30 de diciembre de 2006

La tempestad

Publicado en Diario, Fotografía por Roberto Marquino

La tempestad

La tempestad. Columbia Británica, 2005
© Roberto Marquino

La tempestad no avisa con demasiada antelación. Simplemente, viene, a veces cuando uno menos lo espera. Luego llueve por tiempo indeterminado, días, tal vez semanas…

La madera se humedece. Tiempo para meditar.

Y así transcurren los minutos, las horas, confundiéndose unos con otras al ritmo de las gotas percutiendo la lona, evocando recuerdos en el peor de los casos. Y cuando no, respiración, la nada, todo.

Sonidos del bosque, crepitares de ese atardecer prematuro que oscurece tanto la escena como los pensamientos, cuando éstos se escapan. Y cuando no, el alma inmortal regresa a la espesura, se sabe una con el cosmos. Sin lecciones ni palabras.

21:36 Llíria, Valencia

3 de diciembre de 2006

La playa del fin del mundo

Publicado en Diario, Fotografía por Roberto Marquino

Atardecer en la playa con cabo arbolado

Atardecer en la playa con cabo arbolado. Columbia Británica, 2005
© Roberto Marquino

A mis ojos era el fin del mundo, el verdadero finisterre, un sitio a medio camino entre el presente y, bien un pasado anterior a la civilización, bien un futuro post-apocalíptico donde la naturaleza volvía a regir la vida.

El viento y las olas del océano conformaban un mantra intemporal transmitiendo una sabiduría infusa, codificada acaso en la vibración de sus ondas, cuya facultad de sintonizar con lo invisible llegaba a sorprender.

Sentí haber llegado al paraíso, más hostil que el que prometen las religiones oficiales, y mucho menos poblado de mitologías.

¡Ahí sí, se podía decir aquello de ‘el hombre y la tierra’!

21:47 Llíria, Valencia

2 de diciembre de 2006

Anticipos de regresión

Publicado en Diario, Fotografía por Roberto Marquino

Atardecer en la playa con correlimos

Atardecer en la playa con correlimos. Columbia Británica, 2005
© Roberto Marquino

Nadie nos dijo que hacer o cómo actuar, así se rodó el documental.

Volvíamos a la tienda tras una larga exploración por la playa más extensa de la pequeña isla. Fue una tarde mística, al menos para mí. No hubiese regresado al campamento.

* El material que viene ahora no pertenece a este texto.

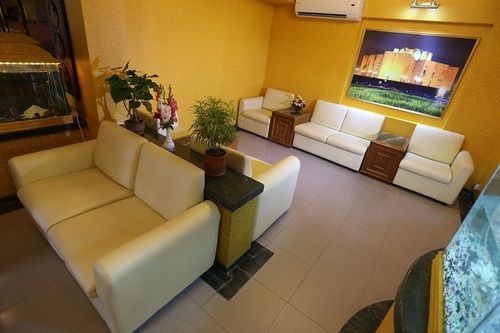 Eastern House Hotel Dhaka Bagian luar foto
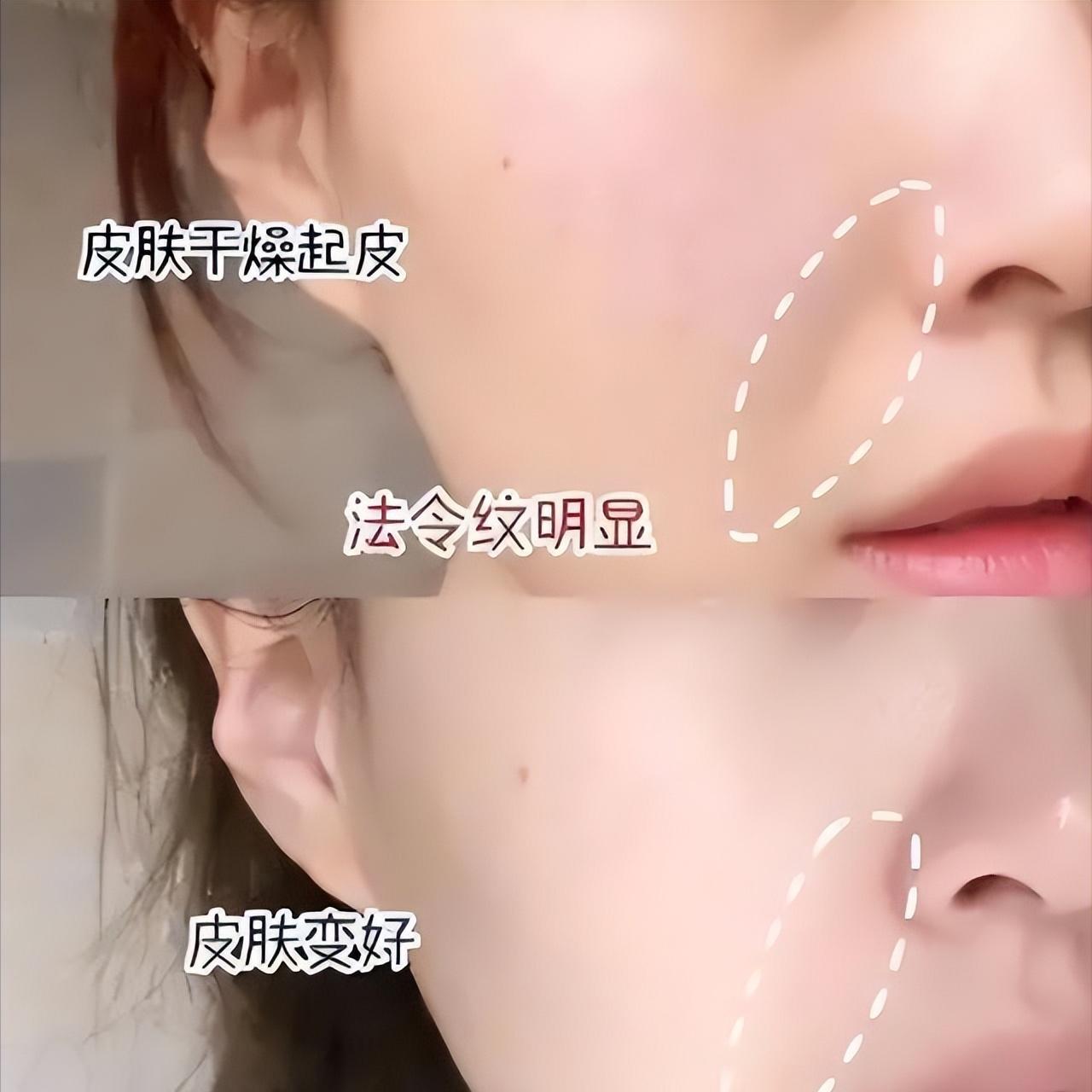 国货护肤品崛起,国货护肤品突然火了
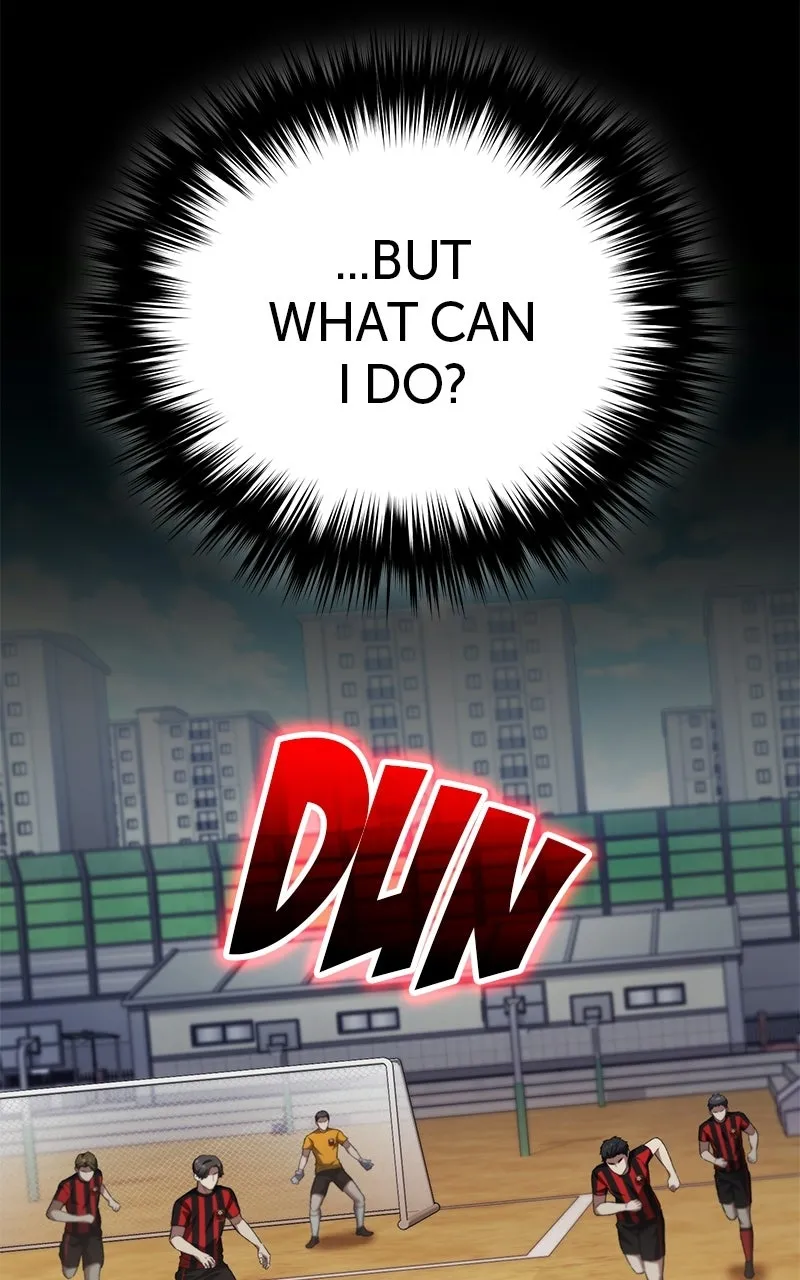 The Genius Midfielder withthe Killer Pass Chapter 5 page 127 - 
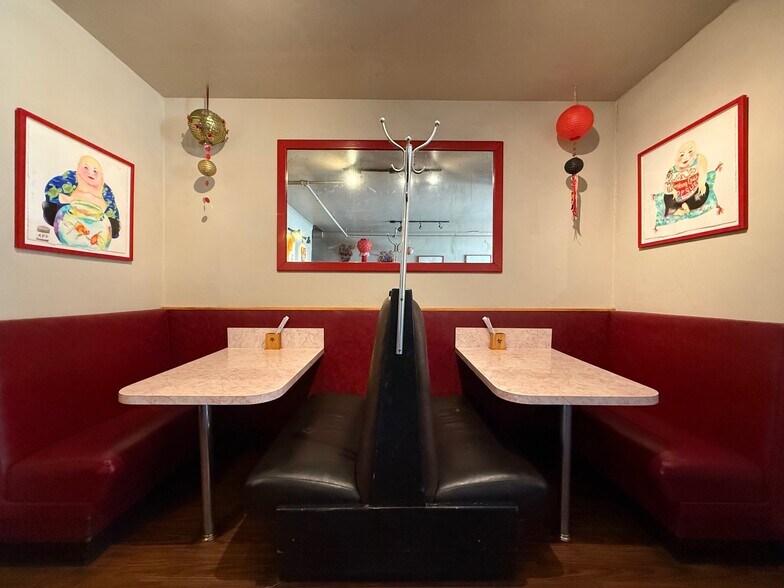 More Photos Of 815 Palm St, San Luis Obispo Restaurant For Sale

Cada puesta de sol era una invitación a desaparecer para siempre entre sus arreboles, a morir simbólicamente bañado en la límpida luz que a esas horas perdía su potencia cegadora, amplificando su poder de evocación.

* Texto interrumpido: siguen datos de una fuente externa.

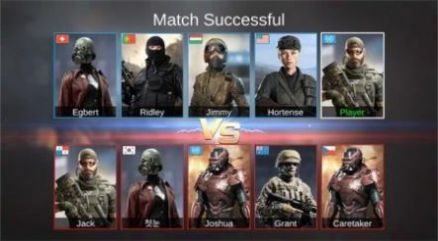 致命射杀僵尸游戏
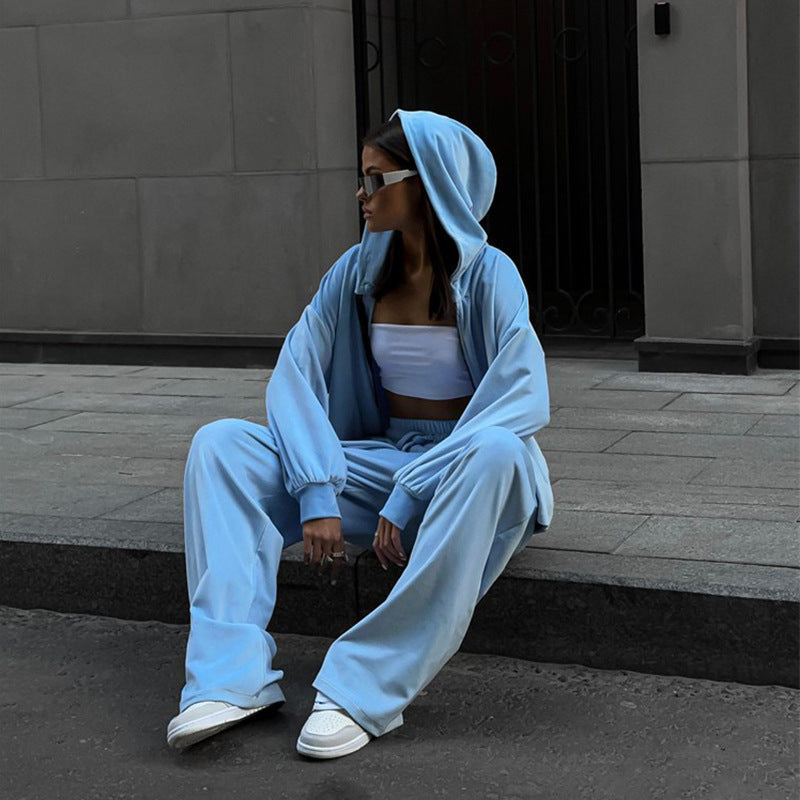 Classic Designed Garment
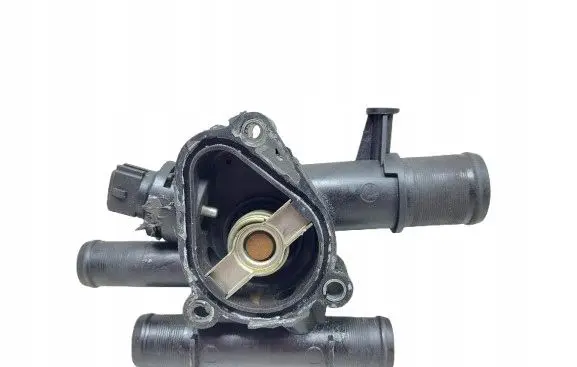 Renault Scenic II - Grand scenic II Thermostat/thermostat housing 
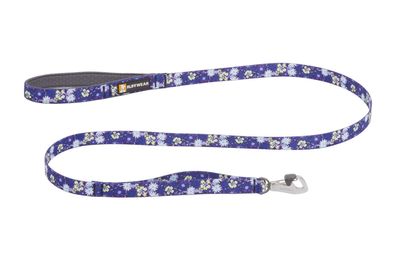 Ruffwear Front Range Leine Crux Clip Wildflower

Supuse lugares imposibles allí donde el cielo y la tierra confunden sus límites, visualmente superpuestos por la rudimentaria mente humana, que aspira a conocerlo todo. Y allí trasportado, me imaginé fundirme con Dios el día que vista mi último traje.

Nadie podía imaginar que poco tiempo después sobreviviríamos a un naufragio traicionero que nos llevó a subsistir durante cuatro días en condiciones lamentables.